Zamanla değişen sadece şehirler, kıyafetler, araçlar olmadı; anlayışımız, kanaatimiz ve insanlığımız da dönüştü. Bundan yalnızca elli yıl önce, bugünkü anlamıyla lüks sayılabilecek birçok şeye erişimimiz yoktu ama mutluluğumuz tamdı. Bugün en yoksulumuzun bile cebinde akıllı telefon, evinde çamaşır makinesi, buzdolabı, kalorifer var. Ancak huzur, o sade hayatın arkasında kaldı.

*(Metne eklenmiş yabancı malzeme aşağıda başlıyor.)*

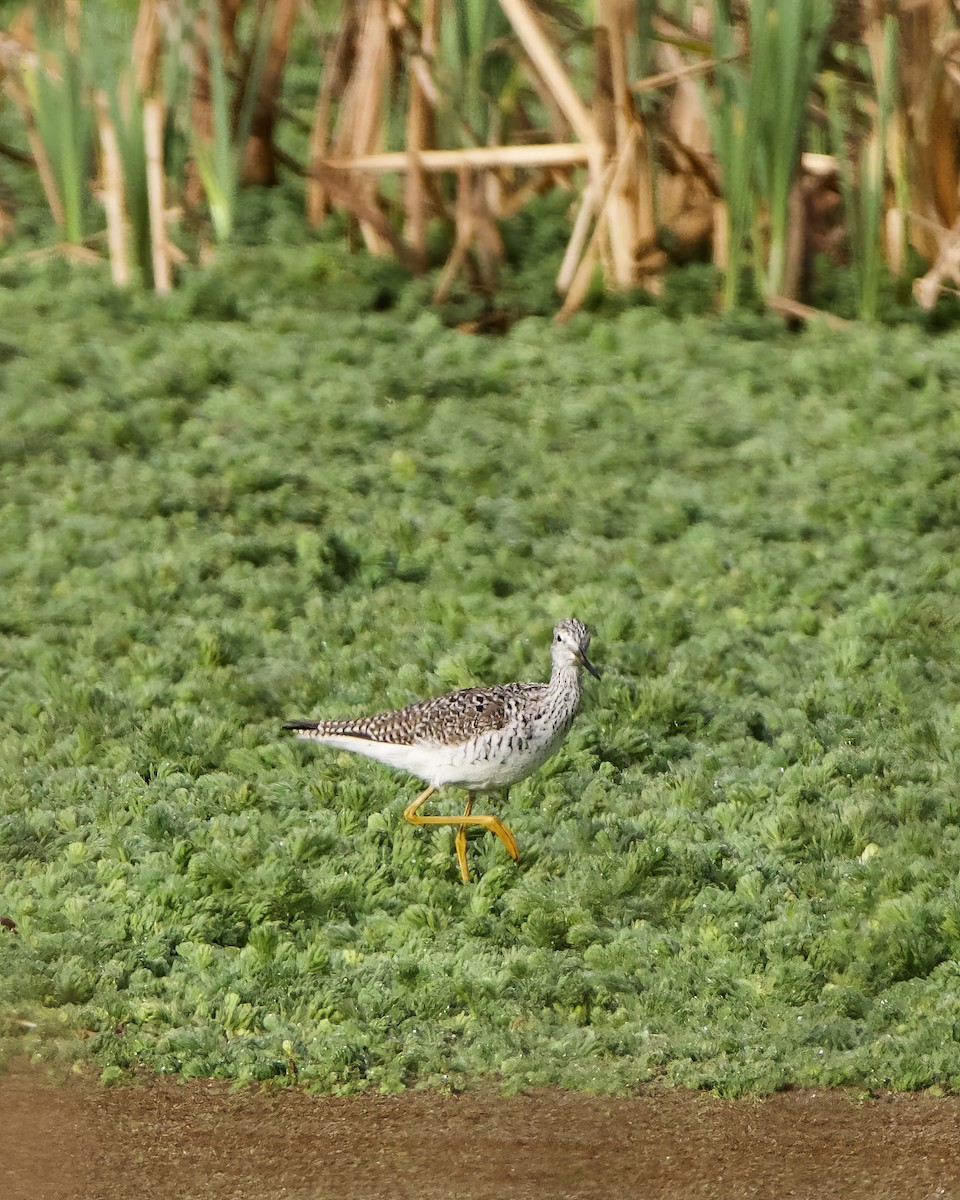 Greater Yellowlegs - ML616452302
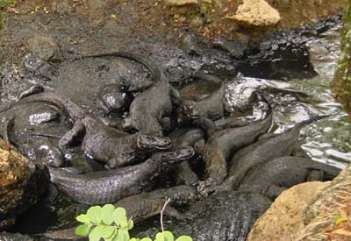 "Komodo" dragons on Rinca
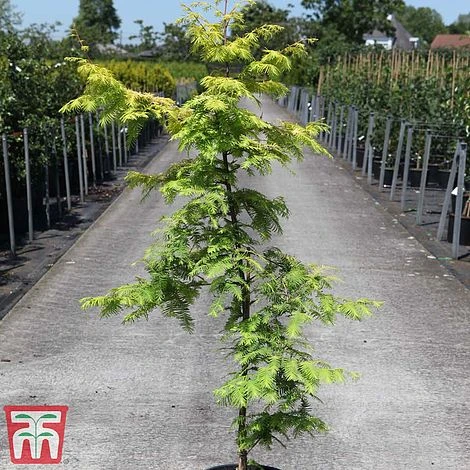 Metasequoia Glyptostroboides 'Gold Rush' - Image 2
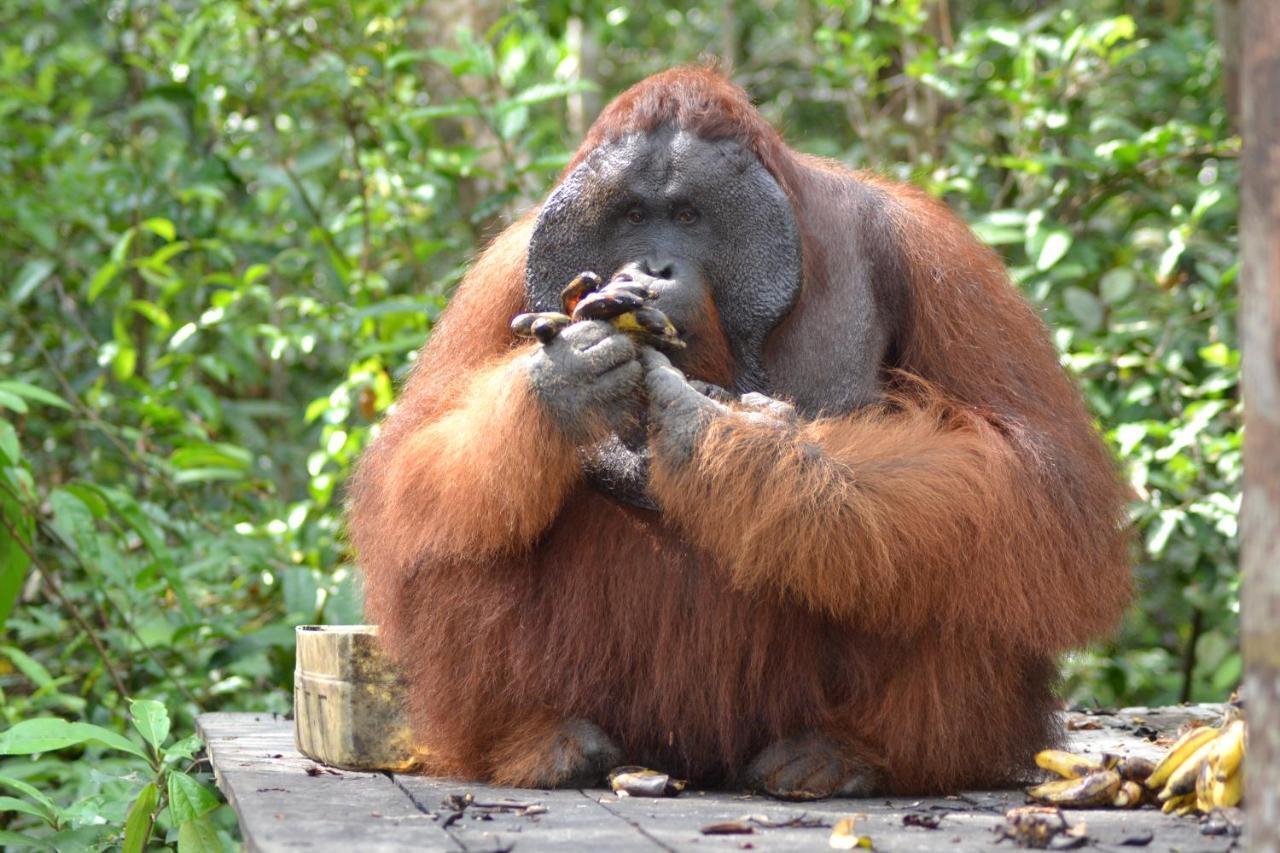 Orangutan Shaka Houseboat With Cabin Pangkalanbuun Zewnętrze zdjęcie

Bir zamanlar koca şehirlerde birkaç araba vardı, ekmek çeyrek ya da yarım alınırdı. Dondurma lükstü, çocukların ağzına düşmezdi; onun yerine buzluğumuzun eski dostu “eskimo” yenirdi. Ayakkabılar lastikti, kıyafetler yıllarca giyilir, sökülür, dikilir, sonra küçük kardeşe devredilirdi. Televizyon herkesin evinde bulunmazdı, durumu iyi olan komşuda topluca izlenirdi. Suyu bidonlarla mahalle çeşmesinden taşırdık. Çamaşır makinesi nadirdi, kazan kurulur, sırayla banyo yapılırdı.
Ama kanaat vardı. Mahalleli bir araya gelir, tarhana yapar, dağ gibi patlıcan oyulur, kuruluklar asılırdı. Bir sofraya kaç kişi sığar demeden çat kapı misafir ağırlanırdı. Komşular birbirinin hatırını sorar, devlet çağırdığında vatandaş koşardı. Siyasete olan saygı bir kenarda, devletin kendisi düşman değil, baba gibi görülürdü.
Bugün ise… Ne yazık ki herkes daha fazlasının peşinde. Elindekine şükretmek yerine, gözünü ötekine diken bir anlayış hâkim oldu. Aile bağları zayıfladı, arkadaşlıklar menfaate dönüştü, çocuklar şımardı, gençler saygısızlaştı. Herkes haklı, kimse sabırlı değil. Tahammül kalmadı. İstekler arttı ama memnuniyet azaldı.
Yaşadığımız büyük felakete rağmen, yani asrın depremini görmemize rağmen, hâlâ sabretmeyi bilmiyoruz. Su kesintileri gibi geçici bir sıkıntıya bile tahammül edemez hâle geldik. Oysa yetkililer çözüm için mücadele veriyor, vatandaşlardan yalnızca birkaç hafta sabır bekleniyor.
Şu da bir gerçek: Artık hepimiz çok konforluyuz ama huzurdan mahrumuz. Maneviyatımızı, kanaat duygumuzu, dayanışmamızı kaybettik. O eski günlerin yokluğunda bile var olan mutluluğu özlemle anıyoruz.
Vesselam, Rabbim o çileli günleri bize tekrar yaşatmasın ama kanaatimizi, insanlığımızı, vicdanımızı da geri versin. En güzel hayatı hak ediyoruz ama bazen geri çekilip manzaraya bakmak gerek. Gözümüzün gördüğünü değil, gönlümüzün eksik bıraktığını sorgulamalıyız.